File: /graphrag/query/structured_search/global_search/search.py, method: _map_response_single_batch

#search_messages = [
#  {"role": "system", "content": search_prompt},
#  {"role": "user", "content": query},
#]
search_messages = [ {"role": "user", "content": search_prompt + "\n\n### USER QUESTION ### \n\n" + query} ]

It works for me, thanks a lot!

worstkid92 commented 1 month ago

Same issue

Small update: I found out that my model always returned nosense like this:

python -m graphrag.query --root ./myfolder --method global "What are the main topics" "The main topic is 'What are the main topics'"

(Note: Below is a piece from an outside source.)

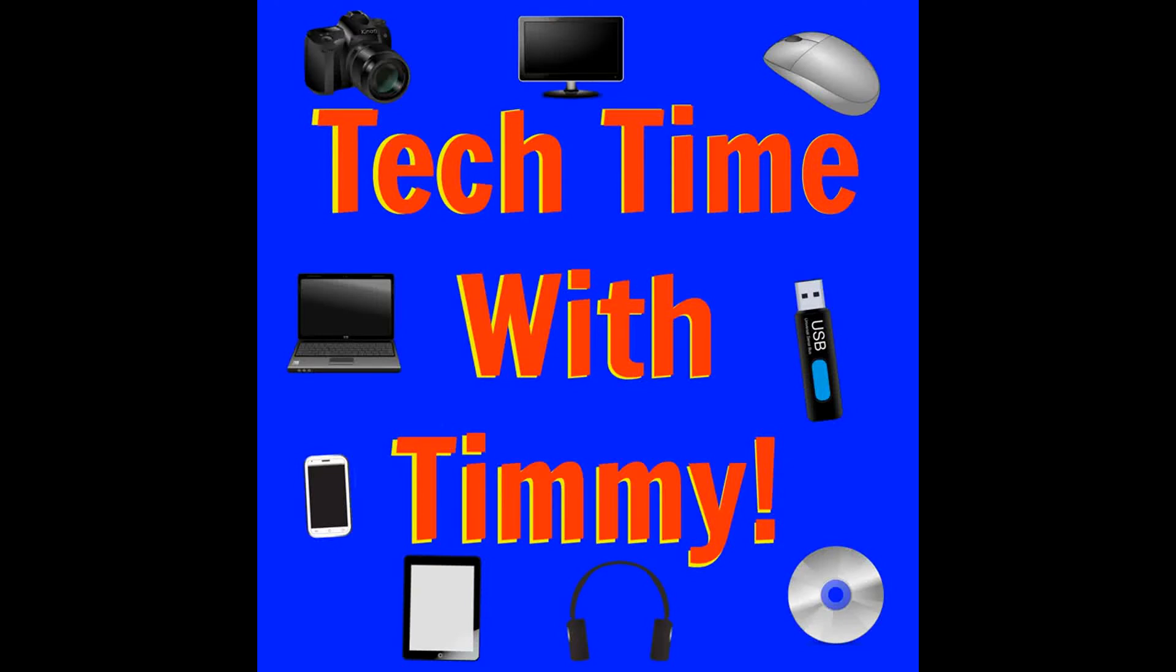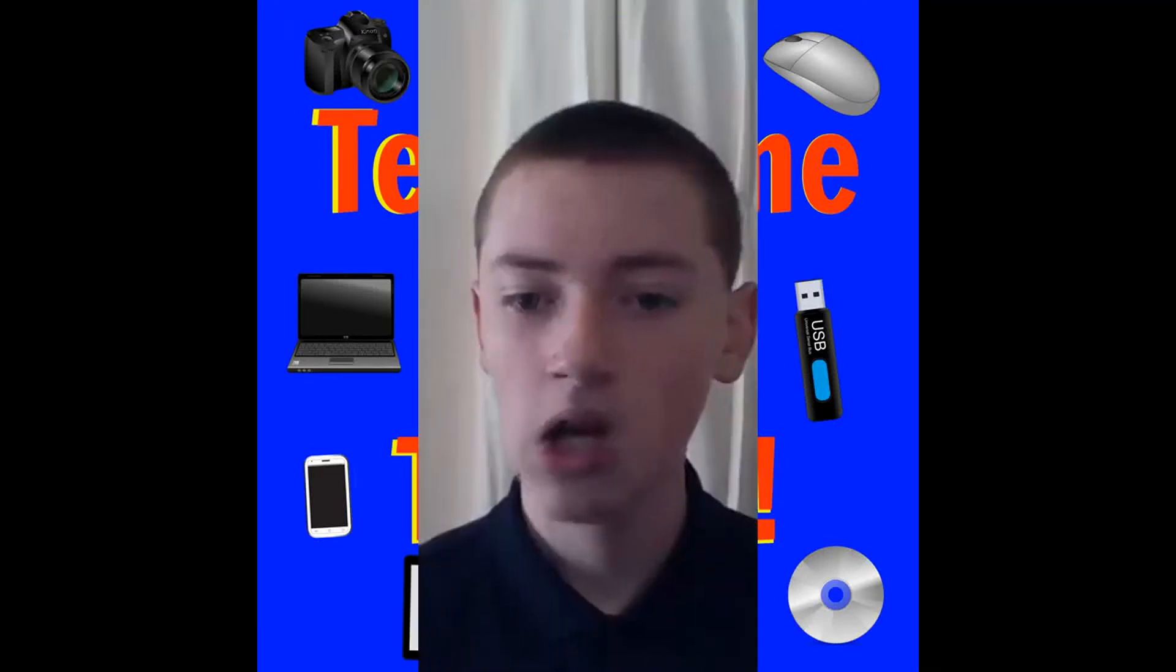It's time for Tech Time with Timmy. Hello and welcome to Tech Time with Timmy.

I found out that my local Ollama instance (0.3.0) seemed to ignore the system prompt and I got it working by manually stitching together the two prompts into one:

File: /graphrag/query/structured_search/global_search/search.py, method: _map_response_single_batch

#search_messages = [
#  {"role": "system", "content": search_prompt},
#  {"role": "user", "content": query},
#]
search_messages = [ {"role": "user", "content": search_prompt + "\n\n### USER QUESTION ### \n\n" + query} ]

Wow! Thank you !

Coder-Dilip commented 7 hours ago

Guys try this:

Make new Folder. Inside that folder make ragtest folder. Then use command graphrag init --root ./ragtest to initialize the workspace. Inside that ./ragtest folder, copy your previous output folder you got from running all the workflows successfully. now ask question to graph again. Surprisingly it works for me.